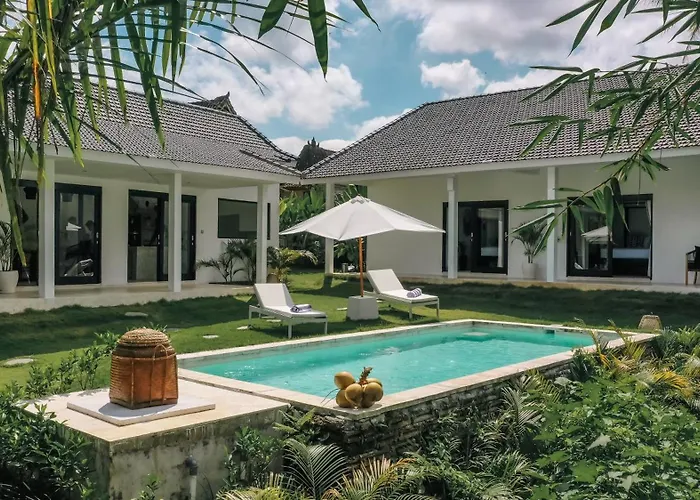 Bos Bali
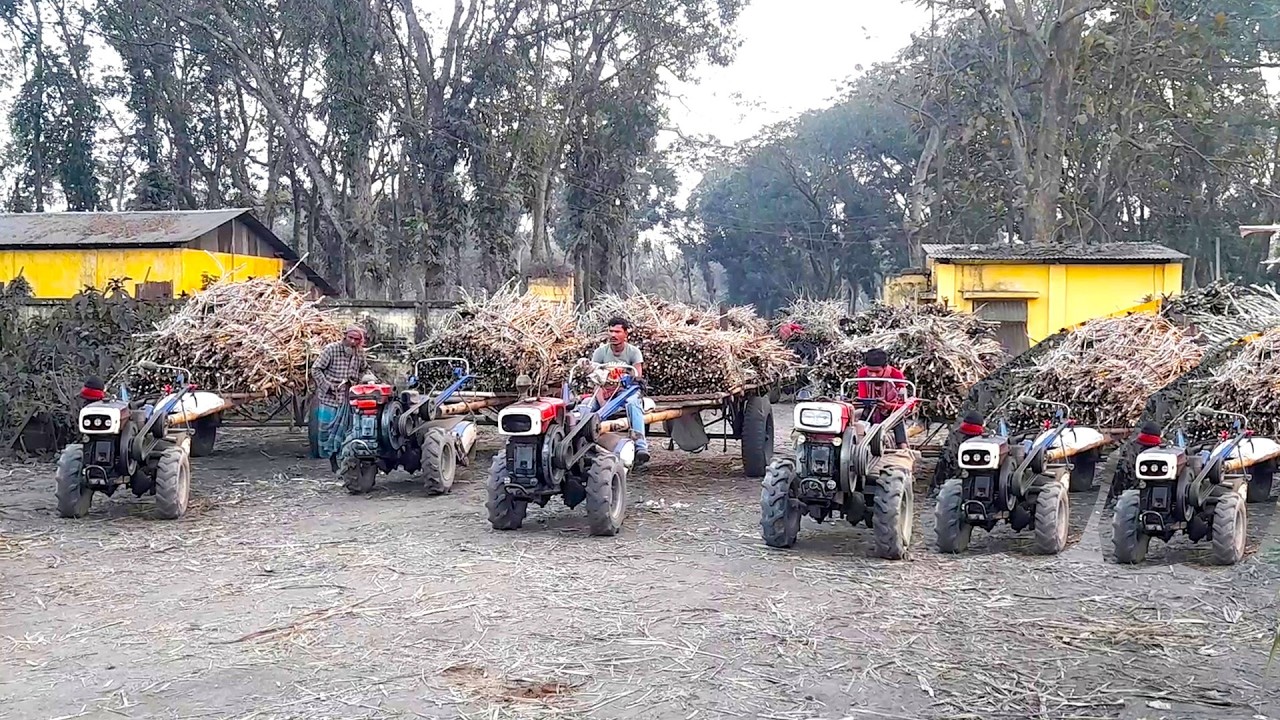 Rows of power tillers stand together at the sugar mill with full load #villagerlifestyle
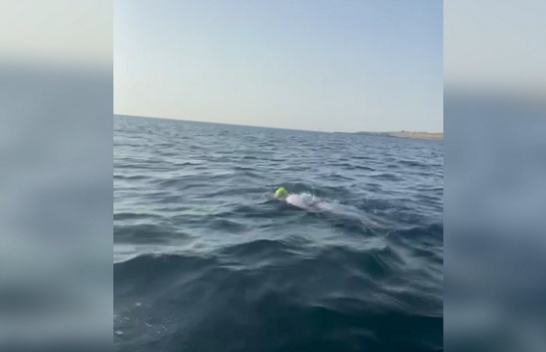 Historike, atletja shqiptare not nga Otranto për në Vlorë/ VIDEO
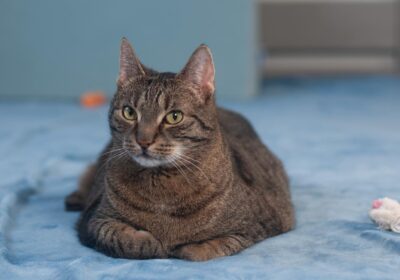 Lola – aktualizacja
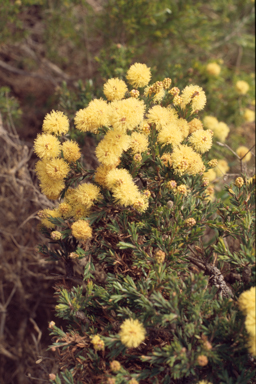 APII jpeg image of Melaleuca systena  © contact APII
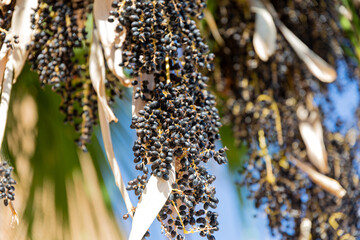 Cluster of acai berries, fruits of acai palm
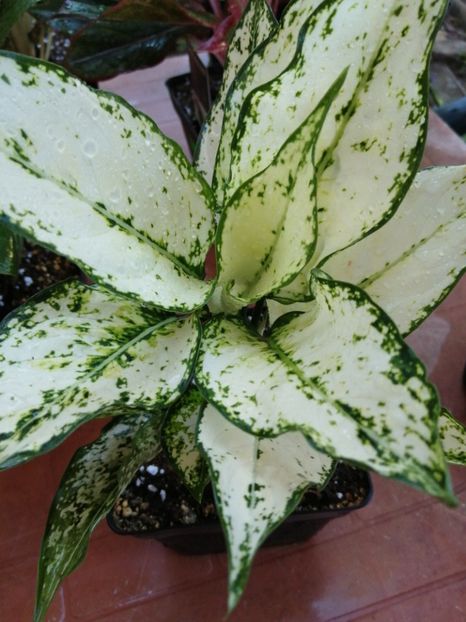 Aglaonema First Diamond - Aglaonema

________________________________________

* **Assignment**
The preceding listing must be repeated exactly, with all images dropped.

* **Answer to this problem**
 Bos Bali
 Rows of power tillers stand together at the sugar mill with full load #villagerlifestyle
 Historike, atletja shqiptare not nga Otranto për në Vlorë/ VIDEO
 Lola – aktualizacja
 APII jpeg image of Melaleuca systena  © contact APII
 Cluster of acai berries, fruits of acai palm
 Aglaonema First Diamond - Aglaonema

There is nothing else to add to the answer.